Jil Sander - SS 2012
Toczki z woalką i same woalki z pewnością będą modne podczas zbliżającego się sezonu wiosna/lato 2012. Dotąd najczęściej kojarzone ze smutnym - żałobą lub radosnym wydarzeniem - ślubem. Historia pojawienia się woalki jest jednak starsza niż niejednej osobie się wydaje.
Początki pojawienia się woalu na twarzach kobiet sięgają aż I tysiąclecia p.n.e. w krajach Starożytnego Wschodu. Potem przez stulecia towarzyszył kobietom zarzucany na twarz lub na całą głowę.

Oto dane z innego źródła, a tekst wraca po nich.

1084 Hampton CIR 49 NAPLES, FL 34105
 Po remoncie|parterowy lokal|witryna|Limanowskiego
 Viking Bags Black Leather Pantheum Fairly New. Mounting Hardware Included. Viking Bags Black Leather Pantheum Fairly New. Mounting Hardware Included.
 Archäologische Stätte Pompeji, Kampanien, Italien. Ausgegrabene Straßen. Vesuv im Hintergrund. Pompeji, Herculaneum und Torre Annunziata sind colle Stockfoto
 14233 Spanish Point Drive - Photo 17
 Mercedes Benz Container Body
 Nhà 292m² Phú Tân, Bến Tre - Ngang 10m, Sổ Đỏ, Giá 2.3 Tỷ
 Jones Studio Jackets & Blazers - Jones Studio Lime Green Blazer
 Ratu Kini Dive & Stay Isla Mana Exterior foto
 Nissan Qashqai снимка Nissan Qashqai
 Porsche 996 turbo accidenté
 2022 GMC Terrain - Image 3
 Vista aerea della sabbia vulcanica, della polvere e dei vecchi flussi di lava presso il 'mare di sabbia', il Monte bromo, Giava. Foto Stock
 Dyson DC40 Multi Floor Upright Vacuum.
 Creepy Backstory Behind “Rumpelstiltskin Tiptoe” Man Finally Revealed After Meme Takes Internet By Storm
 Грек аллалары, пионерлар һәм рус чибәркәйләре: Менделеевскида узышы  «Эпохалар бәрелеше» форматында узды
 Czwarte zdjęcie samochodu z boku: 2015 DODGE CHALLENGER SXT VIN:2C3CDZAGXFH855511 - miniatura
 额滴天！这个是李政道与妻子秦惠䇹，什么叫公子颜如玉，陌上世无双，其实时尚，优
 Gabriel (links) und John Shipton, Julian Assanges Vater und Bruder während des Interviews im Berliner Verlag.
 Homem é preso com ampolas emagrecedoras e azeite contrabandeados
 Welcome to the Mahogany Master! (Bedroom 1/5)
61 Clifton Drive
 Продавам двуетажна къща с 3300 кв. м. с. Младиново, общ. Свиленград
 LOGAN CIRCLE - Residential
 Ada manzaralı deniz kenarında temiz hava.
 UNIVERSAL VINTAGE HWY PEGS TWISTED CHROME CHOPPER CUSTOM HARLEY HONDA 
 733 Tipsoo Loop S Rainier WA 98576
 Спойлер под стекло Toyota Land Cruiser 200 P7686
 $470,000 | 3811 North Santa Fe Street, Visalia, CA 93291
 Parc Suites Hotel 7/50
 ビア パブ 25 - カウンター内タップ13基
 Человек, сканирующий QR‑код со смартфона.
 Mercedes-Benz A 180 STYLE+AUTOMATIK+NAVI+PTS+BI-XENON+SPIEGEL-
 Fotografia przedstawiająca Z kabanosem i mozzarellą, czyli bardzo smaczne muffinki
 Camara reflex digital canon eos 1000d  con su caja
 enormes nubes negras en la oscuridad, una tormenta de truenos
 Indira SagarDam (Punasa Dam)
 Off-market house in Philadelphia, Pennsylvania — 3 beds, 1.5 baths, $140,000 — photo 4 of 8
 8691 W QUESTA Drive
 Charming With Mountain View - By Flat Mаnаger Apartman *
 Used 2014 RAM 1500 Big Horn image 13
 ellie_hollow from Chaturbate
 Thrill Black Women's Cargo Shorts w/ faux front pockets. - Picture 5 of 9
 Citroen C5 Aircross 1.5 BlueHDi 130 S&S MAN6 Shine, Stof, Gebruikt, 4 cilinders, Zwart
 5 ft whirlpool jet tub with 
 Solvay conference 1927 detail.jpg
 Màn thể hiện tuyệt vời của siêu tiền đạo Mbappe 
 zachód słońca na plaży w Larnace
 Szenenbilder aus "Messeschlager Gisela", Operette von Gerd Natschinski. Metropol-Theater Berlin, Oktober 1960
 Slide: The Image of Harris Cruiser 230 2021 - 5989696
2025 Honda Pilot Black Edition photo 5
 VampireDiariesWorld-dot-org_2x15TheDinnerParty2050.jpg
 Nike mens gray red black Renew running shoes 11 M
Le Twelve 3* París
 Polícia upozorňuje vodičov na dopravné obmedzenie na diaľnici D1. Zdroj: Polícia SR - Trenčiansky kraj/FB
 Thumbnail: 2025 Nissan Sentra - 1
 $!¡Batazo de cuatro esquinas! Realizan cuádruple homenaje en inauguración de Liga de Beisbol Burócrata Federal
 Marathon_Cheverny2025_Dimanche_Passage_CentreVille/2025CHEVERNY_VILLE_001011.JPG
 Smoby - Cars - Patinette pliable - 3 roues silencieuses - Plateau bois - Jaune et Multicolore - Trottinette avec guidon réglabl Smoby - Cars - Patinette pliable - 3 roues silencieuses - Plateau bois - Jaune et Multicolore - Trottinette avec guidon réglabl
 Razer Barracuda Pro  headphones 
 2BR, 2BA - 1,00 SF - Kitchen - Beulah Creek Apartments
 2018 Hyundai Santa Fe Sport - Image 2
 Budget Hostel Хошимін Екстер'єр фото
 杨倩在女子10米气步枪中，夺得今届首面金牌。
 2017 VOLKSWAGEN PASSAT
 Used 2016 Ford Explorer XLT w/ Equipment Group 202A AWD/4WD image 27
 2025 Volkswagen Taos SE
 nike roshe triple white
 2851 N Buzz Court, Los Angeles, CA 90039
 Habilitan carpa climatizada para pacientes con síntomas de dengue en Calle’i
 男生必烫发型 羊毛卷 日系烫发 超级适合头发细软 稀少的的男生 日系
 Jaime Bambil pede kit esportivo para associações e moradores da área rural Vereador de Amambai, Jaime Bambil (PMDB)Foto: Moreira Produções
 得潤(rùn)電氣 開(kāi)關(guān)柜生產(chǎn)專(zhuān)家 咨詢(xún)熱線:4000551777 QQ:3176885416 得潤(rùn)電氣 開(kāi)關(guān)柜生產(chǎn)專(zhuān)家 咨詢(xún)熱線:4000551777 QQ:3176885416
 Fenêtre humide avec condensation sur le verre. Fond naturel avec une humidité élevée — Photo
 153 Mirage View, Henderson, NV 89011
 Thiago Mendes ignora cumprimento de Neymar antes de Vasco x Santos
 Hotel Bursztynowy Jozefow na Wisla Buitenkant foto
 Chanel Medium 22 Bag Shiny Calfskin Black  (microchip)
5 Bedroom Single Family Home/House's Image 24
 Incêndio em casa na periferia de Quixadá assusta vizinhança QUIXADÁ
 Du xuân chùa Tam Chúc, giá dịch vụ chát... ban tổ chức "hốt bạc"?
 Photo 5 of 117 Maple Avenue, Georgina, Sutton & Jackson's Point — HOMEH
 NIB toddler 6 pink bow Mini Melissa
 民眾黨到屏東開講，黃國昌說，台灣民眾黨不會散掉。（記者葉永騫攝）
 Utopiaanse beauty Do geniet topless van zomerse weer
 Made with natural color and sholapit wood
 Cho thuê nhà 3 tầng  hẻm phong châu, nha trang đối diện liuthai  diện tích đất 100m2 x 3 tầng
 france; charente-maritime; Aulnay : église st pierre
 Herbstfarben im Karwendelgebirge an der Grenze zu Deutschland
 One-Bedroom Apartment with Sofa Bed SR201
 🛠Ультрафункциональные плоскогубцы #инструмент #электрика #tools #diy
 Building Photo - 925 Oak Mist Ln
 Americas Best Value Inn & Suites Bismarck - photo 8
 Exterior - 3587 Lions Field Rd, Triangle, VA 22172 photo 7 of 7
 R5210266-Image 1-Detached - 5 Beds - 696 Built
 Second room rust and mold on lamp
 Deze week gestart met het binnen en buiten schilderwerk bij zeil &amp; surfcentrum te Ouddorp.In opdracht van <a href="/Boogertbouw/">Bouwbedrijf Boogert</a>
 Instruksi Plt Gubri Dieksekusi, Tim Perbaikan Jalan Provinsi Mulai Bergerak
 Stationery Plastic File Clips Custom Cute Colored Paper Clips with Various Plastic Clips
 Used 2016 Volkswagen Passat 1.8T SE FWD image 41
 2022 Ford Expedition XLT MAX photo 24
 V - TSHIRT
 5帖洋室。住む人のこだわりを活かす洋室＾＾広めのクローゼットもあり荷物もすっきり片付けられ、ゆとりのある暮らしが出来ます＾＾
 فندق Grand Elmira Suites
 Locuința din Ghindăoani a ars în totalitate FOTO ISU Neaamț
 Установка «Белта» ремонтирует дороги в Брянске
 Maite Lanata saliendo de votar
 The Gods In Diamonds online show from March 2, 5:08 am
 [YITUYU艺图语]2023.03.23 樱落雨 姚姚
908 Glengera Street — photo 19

W latach 50-tych XX w. woalki zostały trochę skazane na zapomnienie przez postępującą już od czasów wojny demokratyzację ubioru.
W XXI wieku powróciły jednak z impetem w kolekcjach wielkich projektantów - Victor&Rolf, Dior, Valentino czy Diesel przedstawili swoje wizje tej niezwykle eleganckiej i jednocześnie tajemniczej formy okrycia głowy. Bardziej nowoczesne i odważne propozycje wśród których znalazły się grube oczka kratki lub całkiem drobniutkie, ledwo zauważalne oraz koronkowe wzory.
Victor&Rolf - Fall 2006
Diesel Black Gold
Christian Dior 2010
Chanel
Valentino AW 2009/2010
Nadchodzący sezon wypełni się woalkowymi inspiracjami nie tylko ze względu na ciekawe propozycje Jil Sander. Myślę, że duże znaczenie ma tutaj również fakt zapoczątkowania noszenia toczka przez Annę Dello Russo - niezwykłą kobietę będącą dla wielu ikoną mody i wzorem do naśladowania.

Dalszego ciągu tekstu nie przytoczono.